Le gouvernement Peeters Ier a essayé, à travers divers absurdités dont la non-nomination des trois bourgmestres, de bien faire comprendre au monde, que les communes contournant Bruxelles font partie de leur territoire. Campagnes de pub, avantages fiscaux et autres mesures discriminatoires ont été inventées dans ce but. Le gouvernement flamand a fait en sorte que les néerlandophones de Bruxelles soient traités comme des Rois. Peeters II enfonce le clou, et donne encore plus de moyens à ces nantis. Est-ce vraiment une bonne stratégie pour flamandiser Bruxelles ? La (toute) petite minorité de flamands de la capitale se réduit encore, et les francophones présents refusent de se transformer en "Vlamigen van Brussel", et on les comprend.

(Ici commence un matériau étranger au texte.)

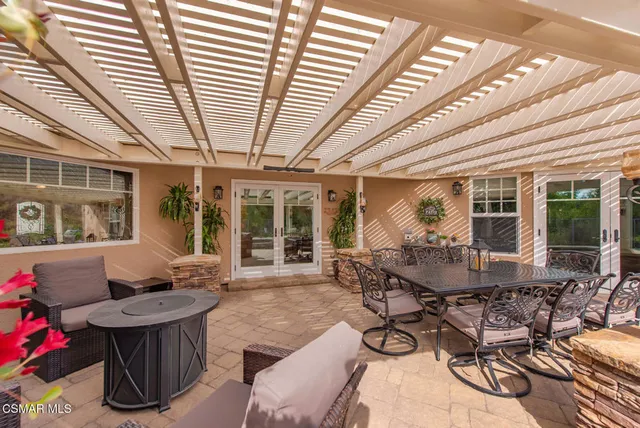 an aerial view of residential house with outdoor space and trees all around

Ils ne se reconnaissent pas dans cette vision communautariste de la chose, et c'est bien normal.

Je suis certain que beaucoup de francophones souhaitent apprendre le néerlandais, mais veulent-ils pour autant faire partie de cette nation flamande qui les méprise ? Comment demander à un
périphérien de devenir flamand après ces les déclarations du ministre de l'intérieur régional et les victoires électorales de la N-VA ? La stratégie flamande est trop nationaliste, trop communautariste. Ils ont, à travers le fédéralisme qu'ils promeuvent, lié le "néerlandais" avec la "Flandre" d'une telle manière qu'aujourd'hui, un francophone qui se voit proposer d'apprendre cette langue, qui lui apporterait de nombreux avantages, se posent la question de savoir si il ne trahit pas sa communauté, si il ne passe pas de l'autre côté

La seule manière pour le gouvernement flamand de donner envie aux francophones de Bruxelles, et d'ailleurs, d'apprendre la langue de Vondel est de changer totalement de stratégie. Déterritorialiser le néerlandais, abandonner cette idée folle d'une nation fermée et homogène. Promouvoir le néerlandais d'une façon positive, envoyer des professeurs flamands dans les écoles francophones, dispenser des cours gratuits, créer des médias sympathiques et trans-régionaux et surtout, abandonner ces lions qui fleurissent partout dès qu'on s'intéresse un peu à la chose.